● **Exercise goal**
Please output the lines from the one with "Bride and groom" through the end of the data exactly as written, omitting all pictures.

● **Data records**
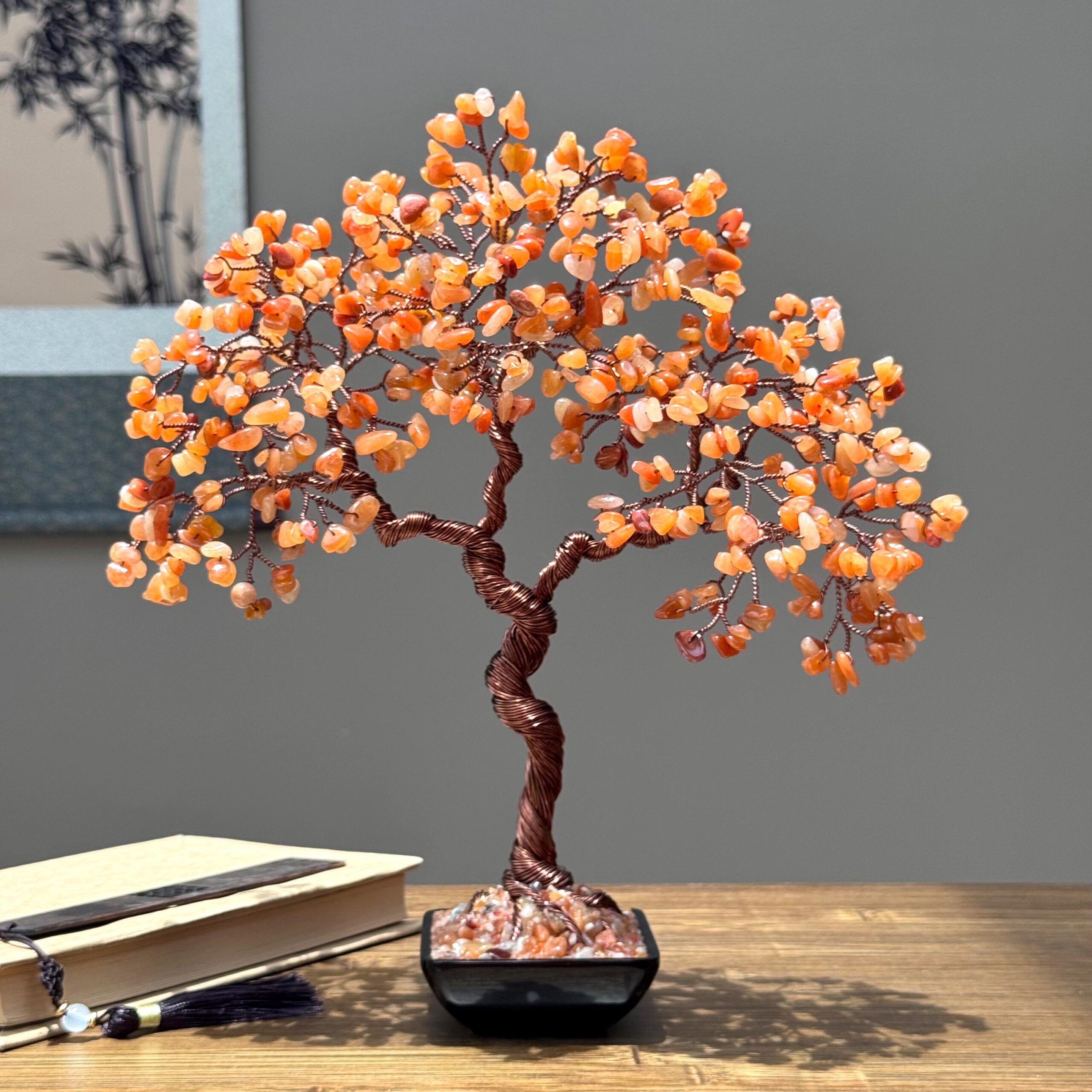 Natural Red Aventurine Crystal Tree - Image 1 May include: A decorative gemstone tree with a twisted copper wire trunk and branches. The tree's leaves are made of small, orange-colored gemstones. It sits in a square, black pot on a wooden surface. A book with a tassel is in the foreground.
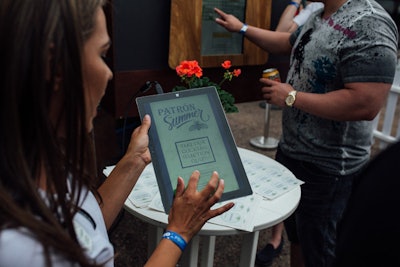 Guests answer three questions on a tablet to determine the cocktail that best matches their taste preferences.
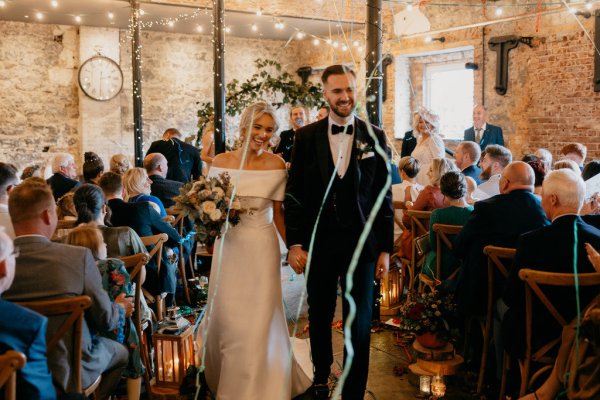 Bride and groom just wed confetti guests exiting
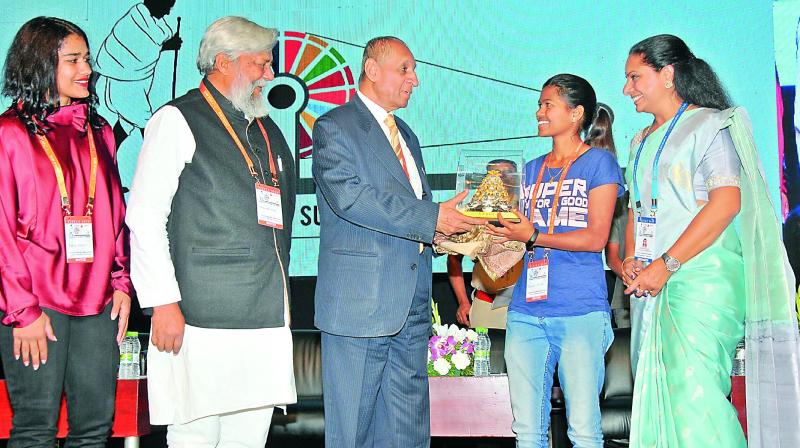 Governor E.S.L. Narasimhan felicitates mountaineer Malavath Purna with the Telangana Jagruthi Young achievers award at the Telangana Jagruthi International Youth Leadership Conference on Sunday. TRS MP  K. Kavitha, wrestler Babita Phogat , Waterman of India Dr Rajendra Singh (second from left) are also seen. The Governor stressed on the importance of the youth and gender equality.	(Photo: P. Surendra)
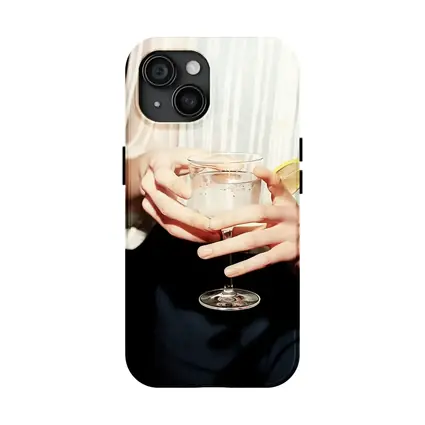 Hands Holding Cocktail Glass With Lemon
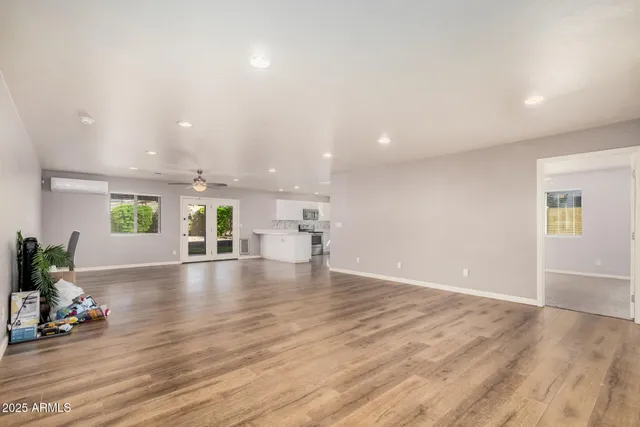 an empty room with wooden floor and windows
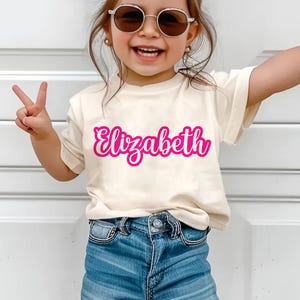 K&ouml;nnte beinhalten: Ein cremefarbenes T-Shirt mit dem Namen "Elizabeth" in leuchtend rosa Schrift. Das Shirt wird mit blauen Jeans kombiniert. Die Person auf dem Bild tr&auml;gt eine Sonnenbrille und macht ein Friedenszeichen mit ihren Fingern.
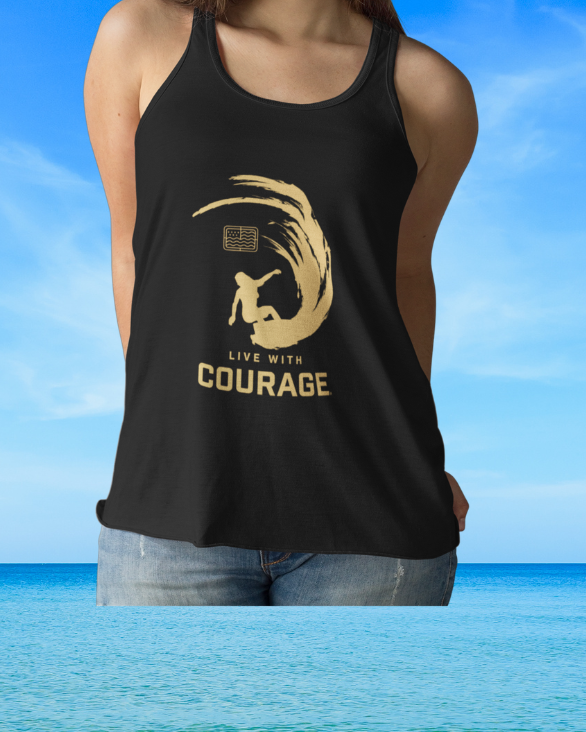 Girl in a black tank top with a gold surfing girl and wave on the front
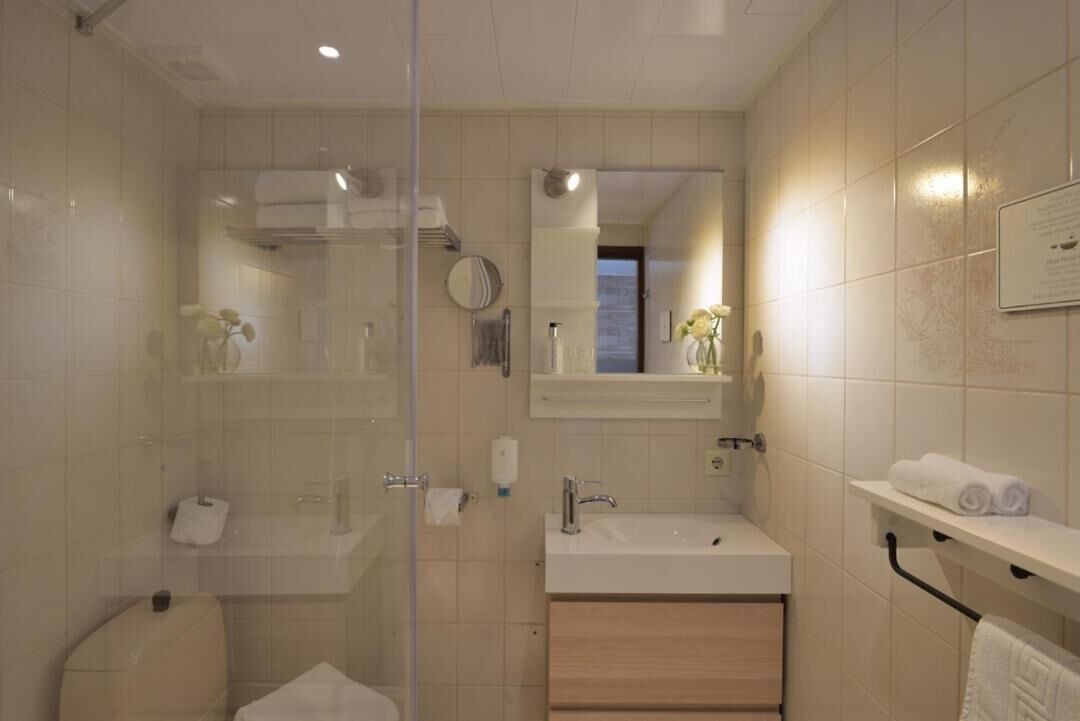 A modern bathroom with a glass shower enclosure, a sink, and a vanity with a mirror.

● **Reply to the exercise**
 Bride and groom just wed confetti guests exiting
 Governor E.S.L. Narasimhan felicitates mountaineer Malavath Purna with the Telangana Jagruthi Young achievers award at the Telangana Jagruthi International Youth Leadership Conference on Sunday. TRS MP  K. Kavitha, wrestler Babita Phogat , Waterman of India Dr Rajendra Singh (second from left) are also seen. The Governor stressed on the importance of the youth and gender equality.	(Photo: P. Surendra)
 Hands Holding Cocktail Glass With Lemon
 an empty room with wooden floor and windows
 K&ouml;nnte beinhalten: Ein cremefarbenes T-Shirt mit dem Namen "Elizabeth" in leuchtend rosa Schrift. Das Shirt wird mit blauen Jeans kombiniert. Die Person auf dem Bild tr&auml;gt eine Sonnenbrille und macht ein Friedenszeichen mit ihren Fingern.
 Girl in a black tank top with a gold surfing girl and wave on the front
 A modern bathroom with a glass shower enclosure, a sink, and a vanity with a mirror.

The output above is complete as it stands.